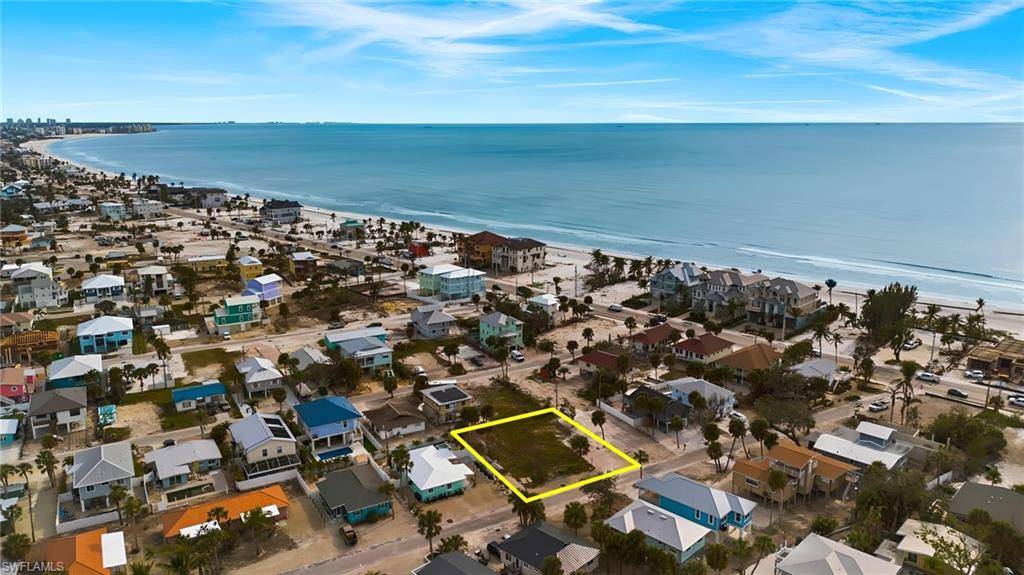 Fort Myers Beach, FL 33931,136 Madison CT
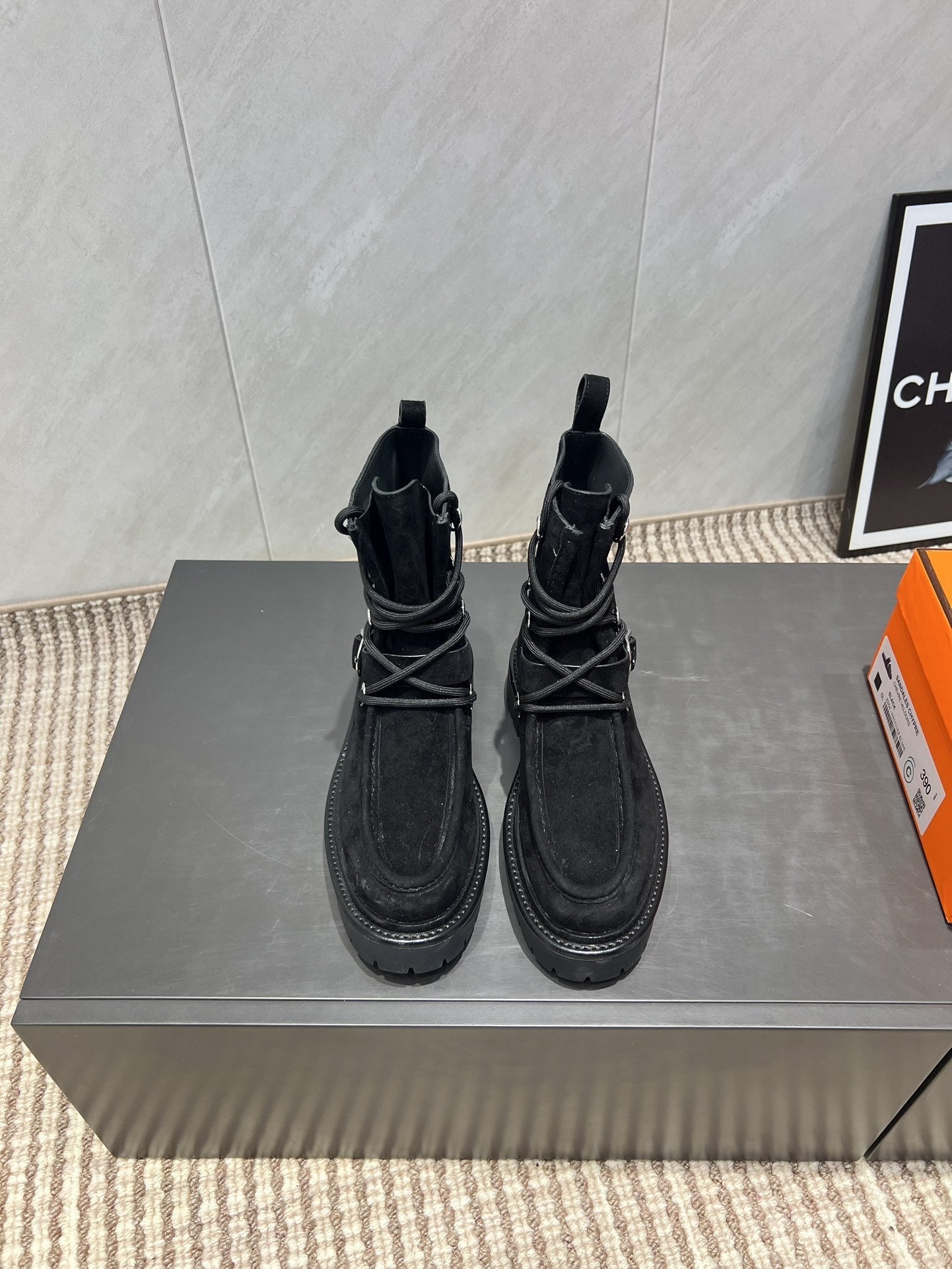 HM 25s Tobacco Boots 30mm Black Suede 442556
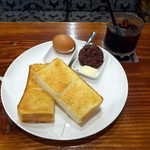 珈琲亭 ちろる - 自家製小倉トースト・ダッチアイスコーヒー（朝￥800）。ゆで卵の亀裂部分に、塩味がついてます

____

■ Task objective ■
Your reply should hold only the lines running from the one with "HM 25s Tobacco Boots 30mm Black Suede 442556" to the end of the data above, set down exactly, pictures omitted.

■ Your response ■
 HM 25s Tobacco Boots 30mm Black Suede 442556
 珈琲亭 ちろる - 自家製小倉トースト・ダッチアイスコーヒー（朝￥800）。ゆで卵の亀裂部分に、塩味がついてます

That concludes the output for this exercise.